** Opening Excerpted data block **
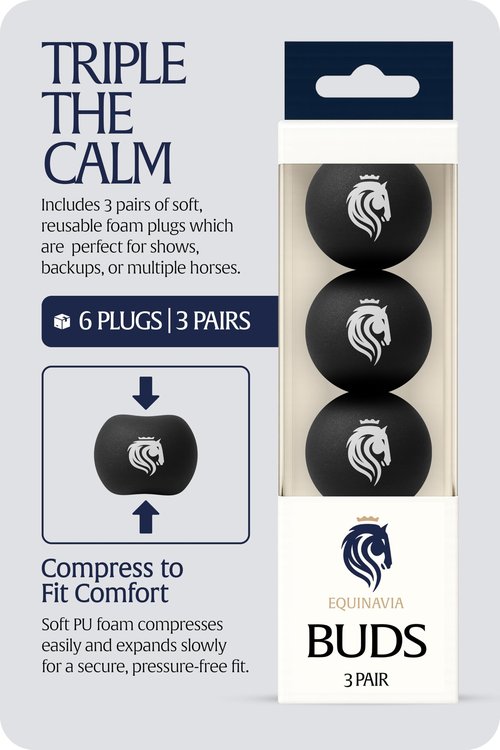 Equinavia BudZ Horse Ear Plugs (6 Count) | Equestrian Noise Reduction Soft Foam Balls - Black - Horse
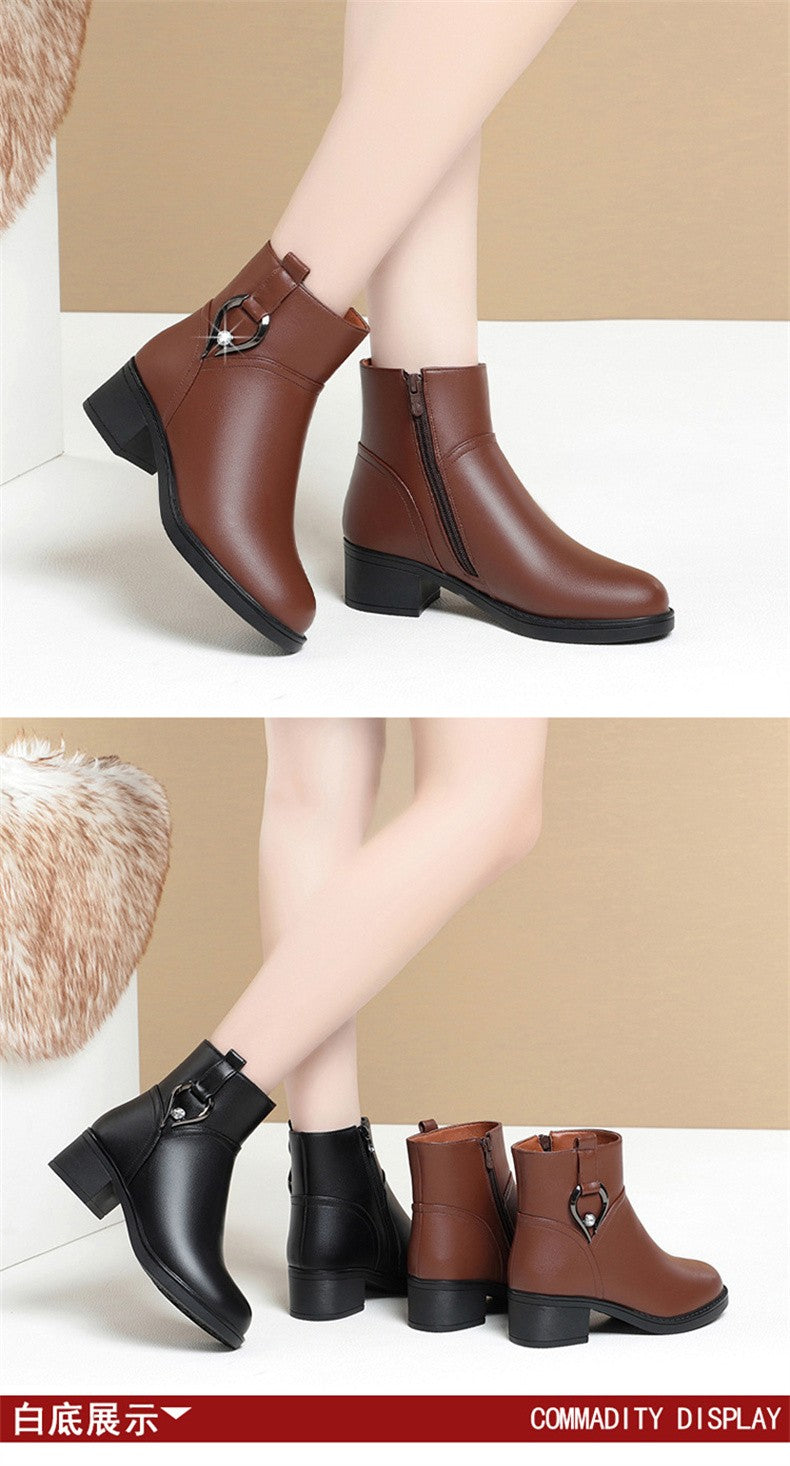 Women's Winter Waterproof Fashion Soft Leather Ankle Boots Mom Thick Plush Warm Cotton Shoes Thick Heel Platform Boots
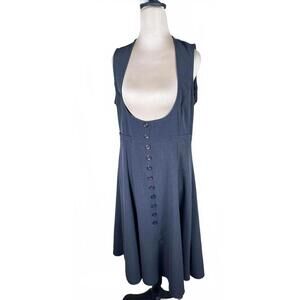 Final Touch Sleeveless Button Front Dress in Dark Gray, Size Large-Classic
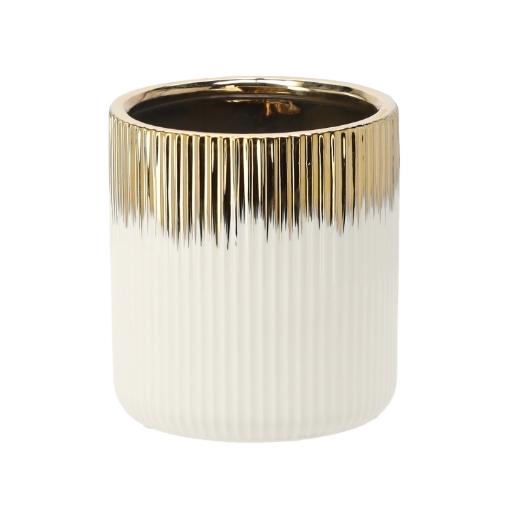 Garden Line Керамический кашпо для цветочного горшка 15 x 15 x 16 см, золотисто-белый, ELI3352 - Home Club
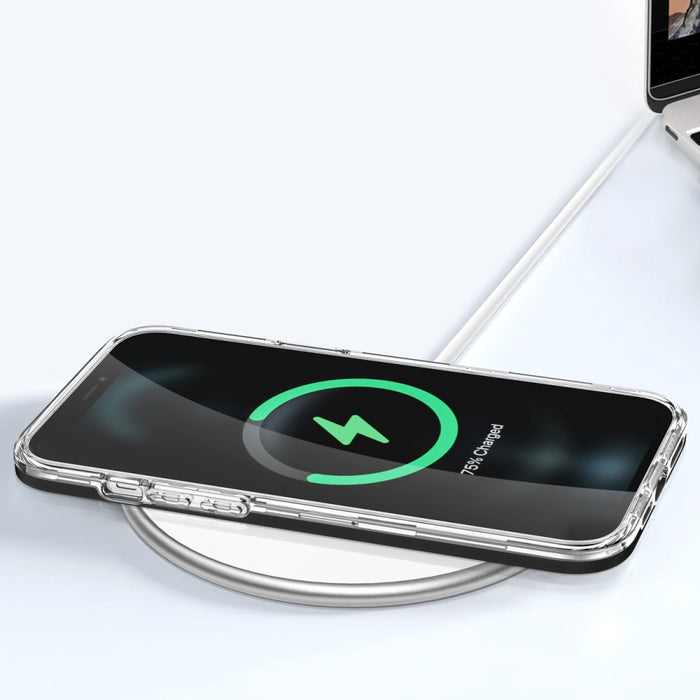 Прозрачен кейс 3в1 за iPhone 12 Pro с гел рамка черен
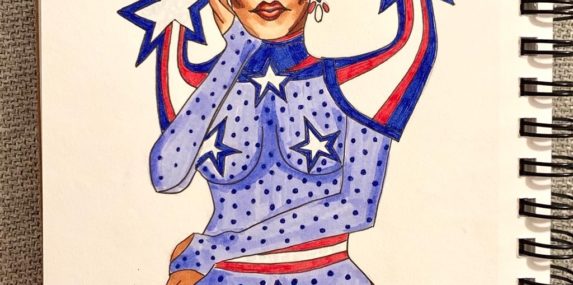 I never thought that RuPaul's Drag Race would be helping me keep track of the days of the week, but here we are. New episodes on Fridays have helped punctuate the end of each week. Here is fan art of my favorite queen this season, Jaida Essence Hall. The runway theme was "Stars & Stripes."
** Closing Excerpted data block **
Once the pictures are set aside, please output all the data word for word.

 Equinavia BudZ Horse Ear Plugs (6 Count) | Equestrian Noise Reduction Soft Foam Balls - Black - Horse
 Women's Winter Waterproof Fashion Soft Leather Ankle Boots Mom Thick Plush Warm Cotton Shoes Thick Heel Platform Boots
 Final Touch Sleeveless Button Front Dress in Dark Gray, Size Large-Classic
 Garden Line Керамический кашпо для цветочного горшка 15 x 15 x 16 см, золотисто-белый, ELI3352 - Home Club
 Прозрачен кейс 3в1 за iPhone 12 Pro с гел рамка черен
 I never thought that RuPaul's Drag Race would be helping me keep track of the days of the week, but here we are. New episodes on Fridays have helped punctuate the end of each week. Here is fan art of my favorite queen this season, Jaida Essence Hall. The runway theme was "Stars & Stripes."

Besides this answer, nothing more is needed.